All you need to know about charter boat sportfishing in Hawaii.
What is big game sportfishing?
Trolling on a chartered boat for Marlin, Tuna, or Sailfish are examples of what big game sportfishing is all about. There are few things more exhilarating than the sound of a buzzing reel taking off on the back of a boat and hearing the captain yell "Hana Pa'a." That's Hawaiian for "Fish on!"
Hawaii has some of the best sportfishing in the world. Think about it - we're a warm water archipelago in the middle of the Pacific. But there's a lot to consider before letting your inner Hemmingway come out. Here's some information to guide you on your adventure.
Where is the best place to catch big game fish?
You can catch large fish on a chartered boat off of any of the islands, but the Big Island is considered best. In fact, some think that it's the Marlin Capital of the World. Yes, even better than Cabo San Lucas. Several tournaments happen each year off of Kona attracting world champion anglers.
But, don't be discouraged if you're visiting one of the other islands. There is excellent fishing off of Oahu, Kauai, and Maui.
What can I catch?
If you are deep sea fishing, you're likely to troll for Blue Marlin, Striped Marlin, Yellow Fin Tuna, Ono, Mahi Mahi, or Skipjack Tuna. If you're shallow-bottom fishing, you'll be fishing for Jack Travelli, Gray Snappers, Sheepshead Fish, and Blue-Line Snappers. Check out this guide on Big Game Sport Fish of Hawaii.
How do I choose a fishing boat?
Although there are many fishing boats in the harbors throughout Hawaii, few of them charter fish on a regular basis. There are many websites for charter tours, but you'll need to call or email to make certain that they are currently in operation.

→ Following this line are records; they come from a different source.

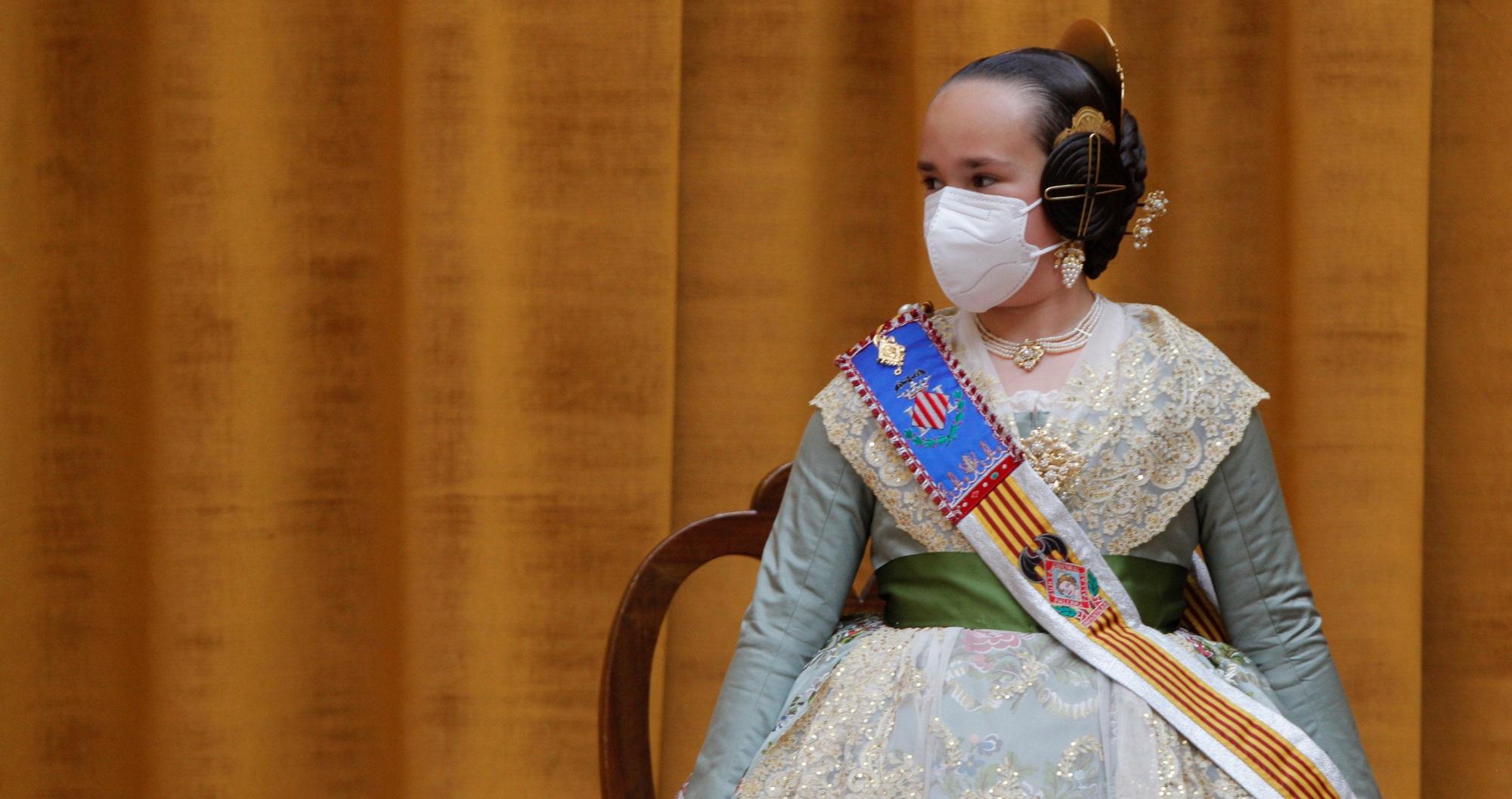 Carla García y la corte infantil regresan por unas horas a la actividad oficial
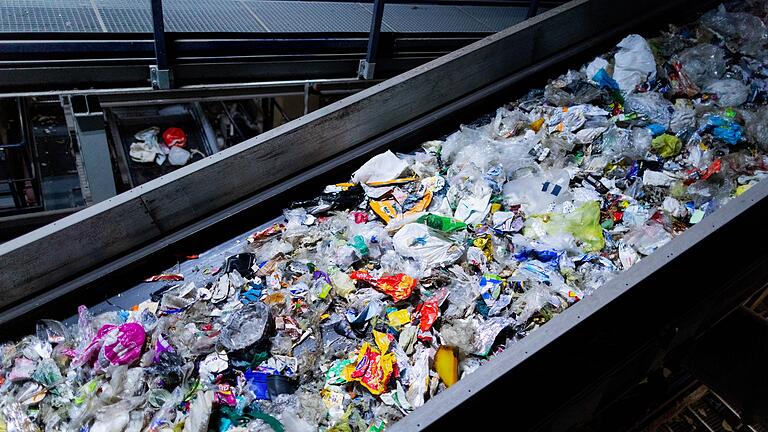 Mülltrennung       -  Selbst wenn Plastik gesammelt wird: Es gibt noch nicht die technischen Möglichkeiten haben, diverse Kunststoffe zu recyceln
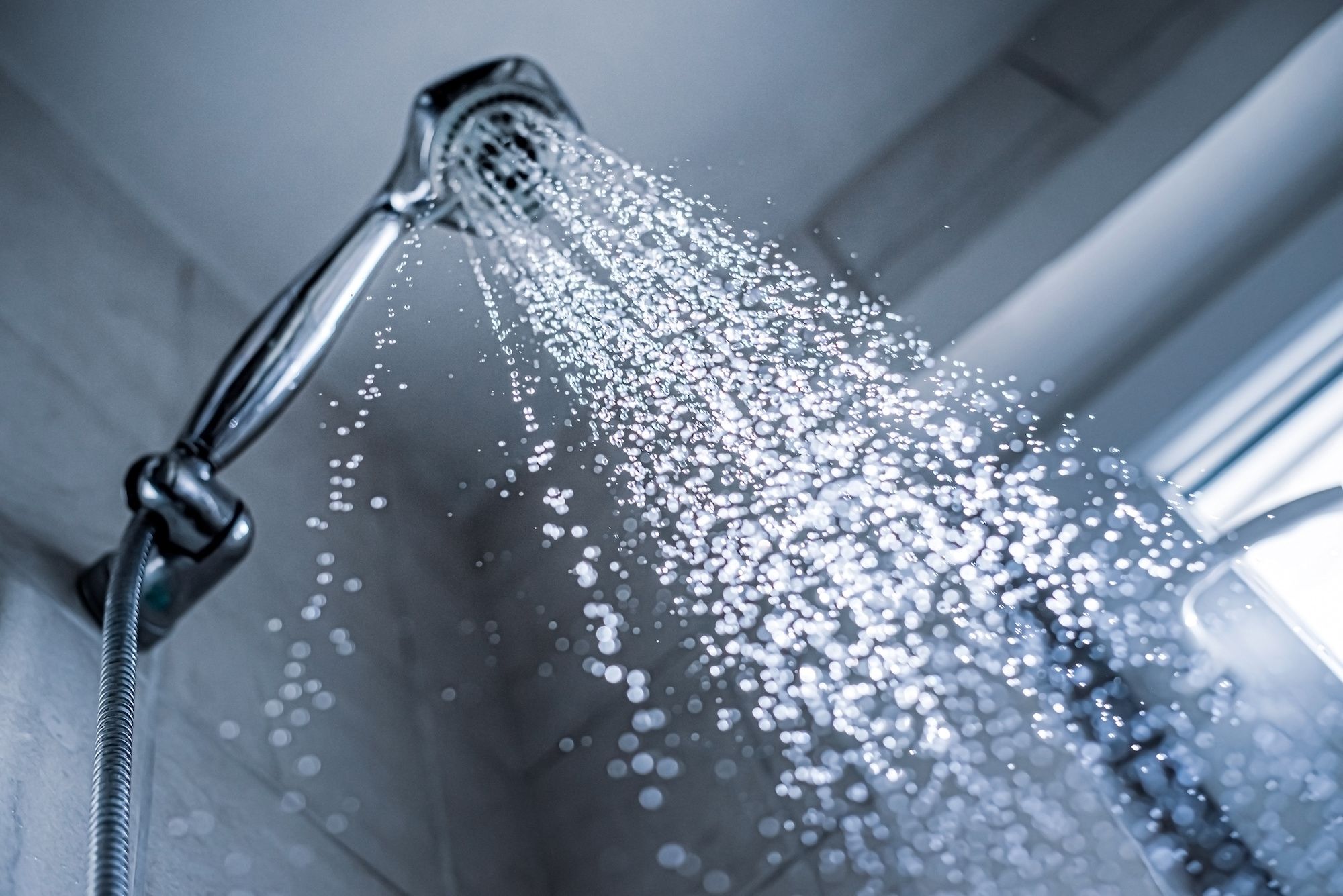 What are the benefits of a cold shower?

Typical charter boats range in size from 20 - 50 ft. I recommend a boat that has shaded seating for all passengers. The captain may allow guests to sit on the passenger side of the upper deck or flying bridge which is usually shaded. Smaller boats are likely to be less stable, thus rock more than the larger ones. However, hull design improvements in recent years have improved stability for smaller craft. If you're prone to seasickness, be sure to take Dramamine, or Bonine an hour before boarding.

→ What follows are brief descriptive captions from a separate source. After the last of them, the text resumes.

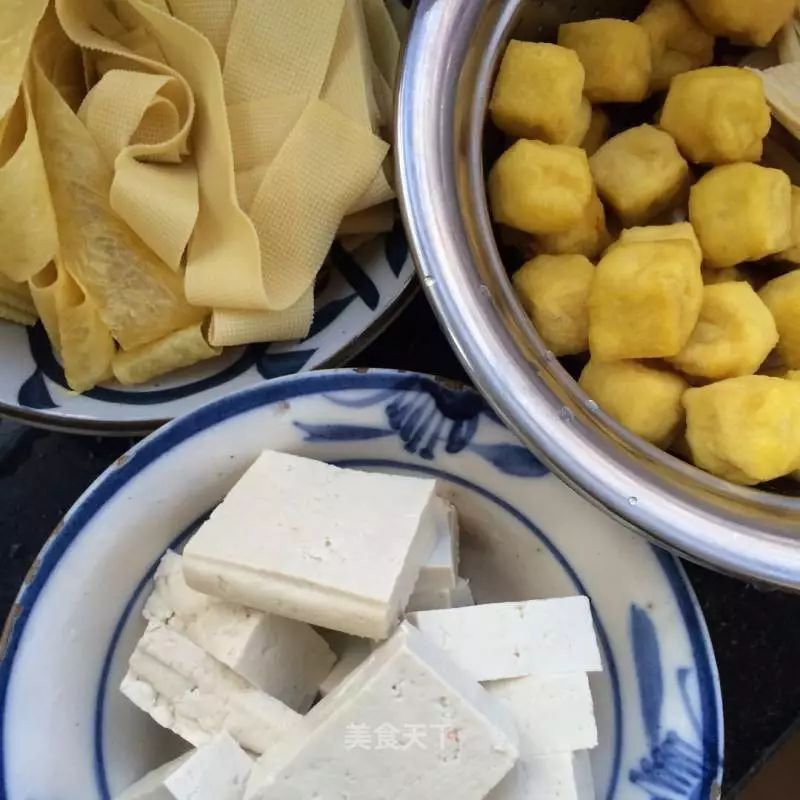 豆腐青菜豆皮炖出的健康美味，一道家常素食的魅力
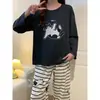 Atacado de novos pijamas de manga longa de outono para mulheres, feitos de seda de leite, estilo pullover, doce e fofo, adequados para estudantes, podem ser usados fora de casa como roupa caseira, conjunto de duas peças
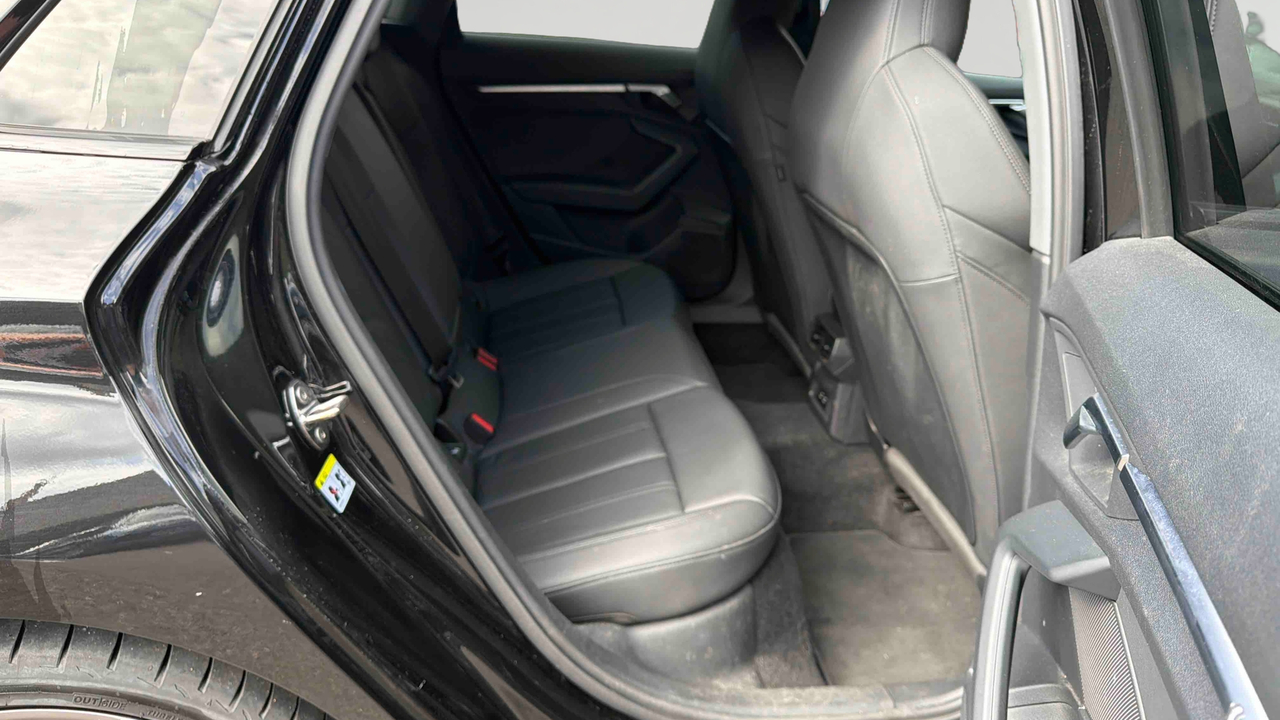 Audi A3 Sportback 35 TDI 150 S tronic 7 — photo 19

How long are fishing tours?
Most charters offer half day (4 hour), 3/4 Hour (6 Hour) and Full day (8-10 hour) tours. The longer the tour, the greater your odds of catching fish. It's like baseball - the more at-bat, the more likely you'll get a hit.
Private vs Shared Charters.
Private charters are great if you have 6 friends all willing to split the costs. But if you are alone, or with another person, you may want to consider a shared charter. An agreement will need to be made beforehand who will reel first. If conditions are favorable, everyone will have a chance to sit in the chair, but there is no guarantee. It's fishing.
Most charters will charge 10% if you cancel the tour outside of 48 hours. Some are nice and won't charge anything. But within 48 hours, you may not get a refund. And within 24 hours it's almost a certainty.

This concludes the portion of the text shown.